Странное обстоятельство предшествовало смерти отца. Между сложными и запутанными явлениями человеческой жизни встречаются такие, которые в простодушных людях вызывают невольное расположение к суеверию. Так было и с моею матерью. Ей незадолго перед тем приснился сон, в котором она до конца жизни не переставала видеть пророческий смысл. И в самом деле, он удивительно совпал с последующими событиями ее жизни. Ей снилось, что она с отцом и со мной куда-то едет в телеге. Местность незнакомая. Я сижу рядом с ней. Отец, на облучке, правит лошадью. Вдруг небо точно вспыхивает, над нами раздается оглушительный треск грома. Отец мгновенно исчезает. Испуганная лошадь бьется и грозит опрокинуть телегу. Мать в ужасе. Но я хватаюсь за вожжи и восклицаю: «Не бойтесь, мы доедем, куда нам надо: я буду править». Два дня спустя пришла весть о смерти отца, и мне действительно надо было взять в свои еще слабые руки управление нашим семейным мирком и вести его дальше по пути жизни.

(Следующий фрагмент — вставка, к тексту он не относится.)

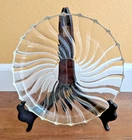 Vintage Federal Glass Rhythm Clear Swirl 11" Round Platter Serving Dish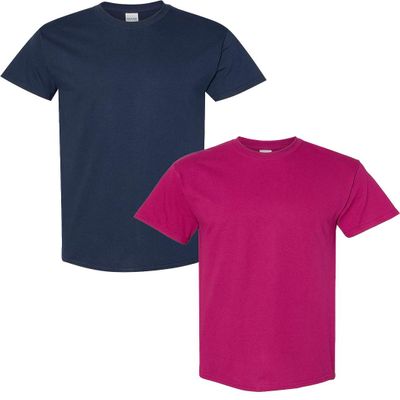 Gildan Men's Heavy Cotton Short Sleeve T Shirt, 2-Pack 2XL-Navy-Berry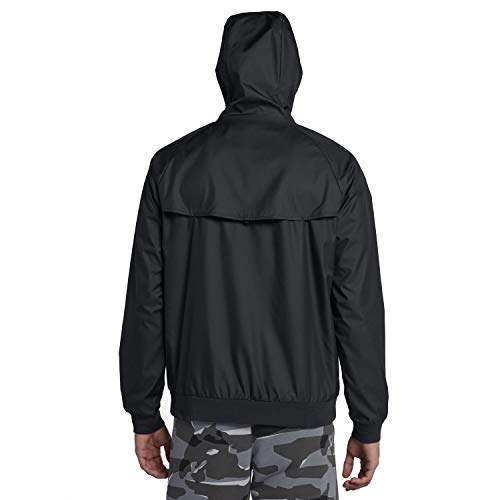 Nike Sportswear Windrunner Hooded Windbreaker (Small, Black/White)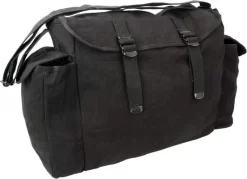 Highlander Black Heavy Duty Cotton Canvas Haversack Side Pouches Shoulder Strap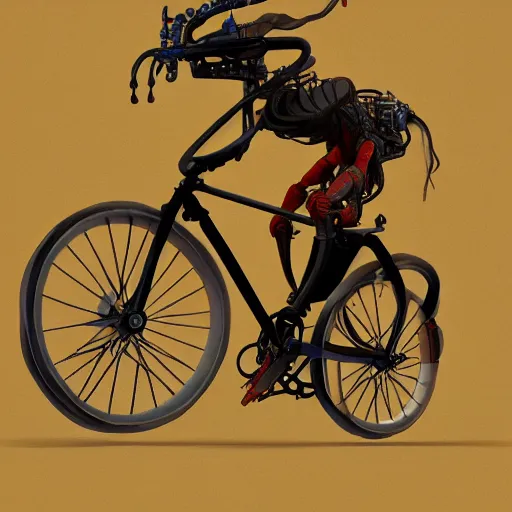 Image similar to humanoid on basic red bicycle artstation not detailed unreal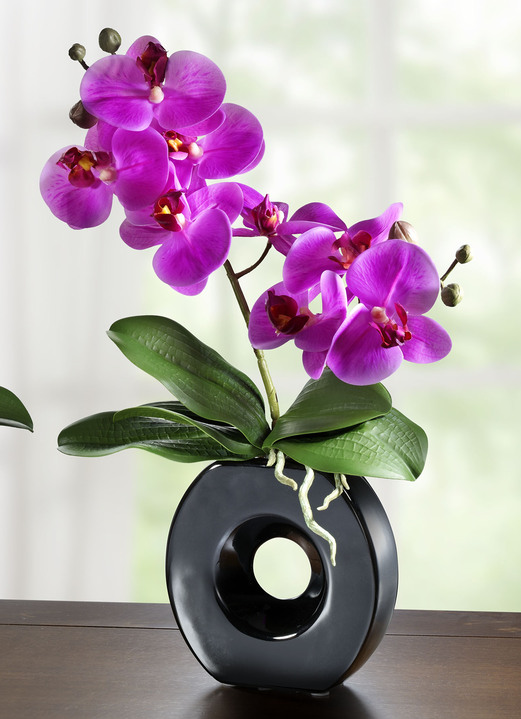 - Orchidee in Vase, in Farbe ROSA, in Ausführung Orchidee rosa mit schwarzer Vase Ansicht 1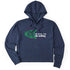 Navy crop hoodie featuring a neon green technical illustration of a ski binding with hot pink accents and a DIN setting cranked to 11, alongside bold white text reading, “Ask me about my DIN setting.”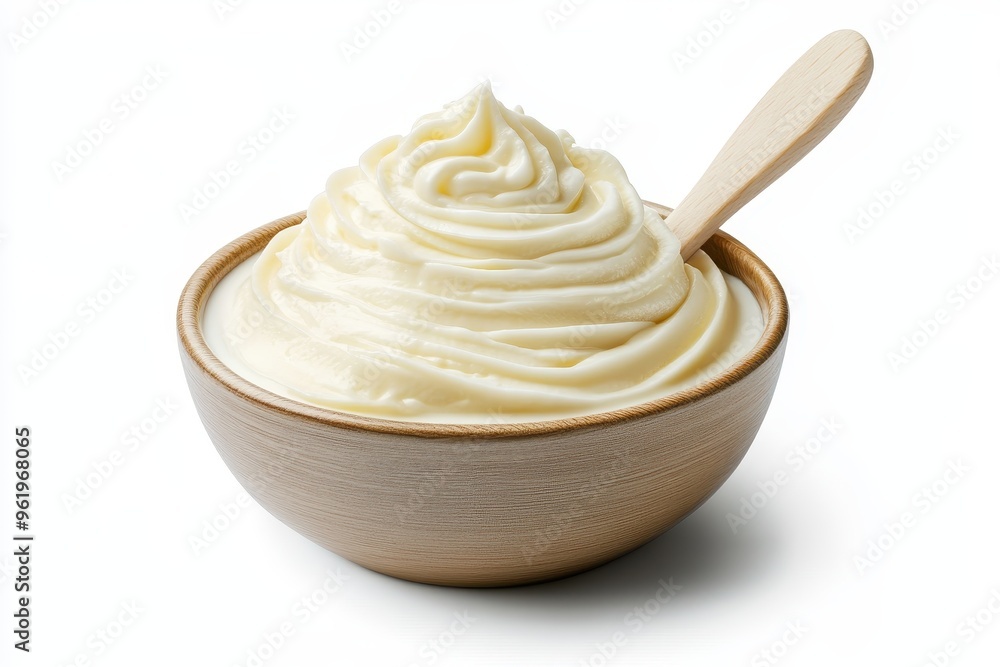 White background with clipping path of sour cream mayonnaise and yogurt in bowl with spoon White background with clipping path of sour cream mayonnaise and yogurt in bowl with spoon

Наступил 1820 год. Генерал Юзефович был назначен командовать, вместо драгунской, первой конно-гвардейской дивизией. Последняя квартировала в Ельце, куда Димитрий Михайлович и должен был немедленно отправиться. Он стал и меня звать с собою. Привязанность к нему и к его сестре, с одной стороны, с другой — выгоды семьи, которой я теперь был единственным кормильцем, заставили меня согласиться. Мать, как ни тяжела была для нее эта новая разлука, однако сознала основательность моего решения и не противилась моему отъезду. Да я и ехал не на край света! Но не так легко обошлось дело с моими острогожскими друзьями. Я и не подозревал, что был такой важной особой в их глазах. Кружок, в котором я вращался, и особенно родители моих учеников заволновались. На меня посыпался град упреков. Доставалось и генералу за то, что он меня «похищал», — только ему, конечно, за глаза, меня же открыто укоряли за измену городу, так радушно приютившему меня. Я был озадачен, огорчен, уже готовился взять назад слово, данное генералу, но тот распорядился по-военному: мигом поднялся всем домом и увлек меня за собой, не дав времени одуматься.

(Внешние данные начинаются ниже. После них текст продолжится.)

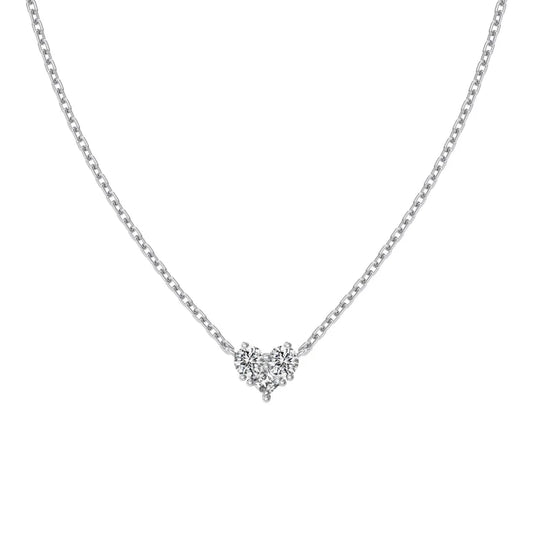 Minimalist Design Fashion Jewelry S925 Silver Rhodium 18K Gold Plated Tiny Love Heart Pendant Necklaces with 5A Zirconia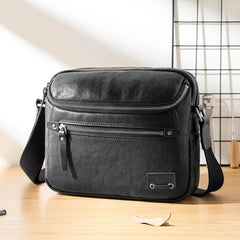 Casual Black Leather Mens 10 inches Postman Bag Black Courier Bag Messenger Bags Side Bag for Men - iwalletsmen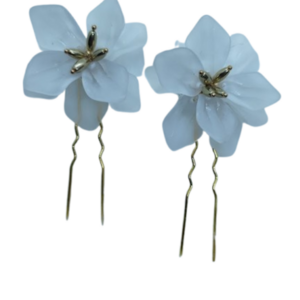 White Blossom Bridal Hairpins – Νυφικές Φουρκέτες με Λουλούδι - μέταλλο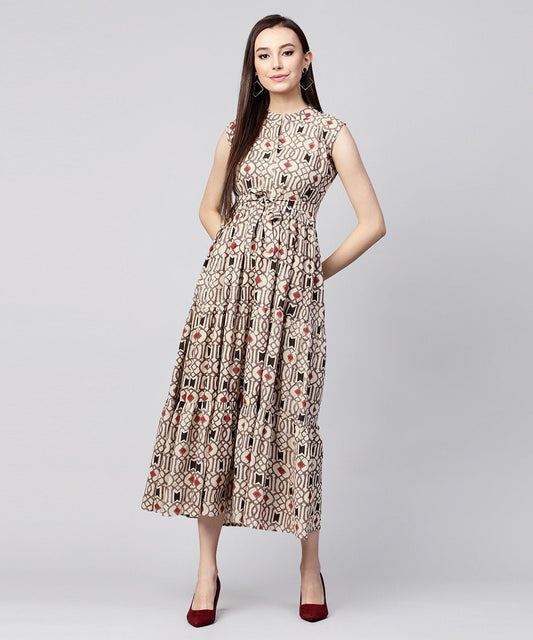 Beige Printed Sleeveless Cotton Maxi Dress | LASVINI - Redefining Indian Fashion with Elegance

Итак, я очутился в Ельце. Генералу было отведено прекрасное, обширное помещение — целый дом одного из богатейших купцов в городе, Желудкова. Елец тогда слыл одним из лучших уездных городов. Он был хорошо обстроен. В нем насчитывалось немало каменных зданий, между прочим, двадцать две церкви, и почти не слыханная в те времена роскошь — он мог похвалиться каменной мостовой. Внешним видом Елец, что и говорить, значительно превосходил мой милый Острогожск, но зато в такой же мере уступал ему по внутреннему содержанию и складу в нем жизни. В Ельце, как в городе исключительно торговом — он вел обширную торговлю крупчатой мукою, — почти не было дворян. Местную аристократию составляли купцы, которые преследовали одну цель — наживу. Таким образом, все соревнование между ними ограничивалось щегольством друг перед другом, изворотливостью и плутовством как лучшими средствами для достижения этой цели. Чиновничество соперничало с ними и в стремлении к наживе, и в искусстве обогащаться; оно повально брало взятки и обкрадывало казну. Запевалой здесь, как и подобало при таких условиях, было первое в городе чиновное лицо — городничий. Какой-то отставной полковник, без ноги, он, что называется, драл с живого и с мертвого и пользовался соответственным почетом среди подобных себе. Нравы всех горожан вообще были старинного склада, наивно-грязные и грубые: в них не было места ни общественным, ни семейным добродетелям. Женщины там, по примеру бабушек, все еще безобразили себя белилами и румянами.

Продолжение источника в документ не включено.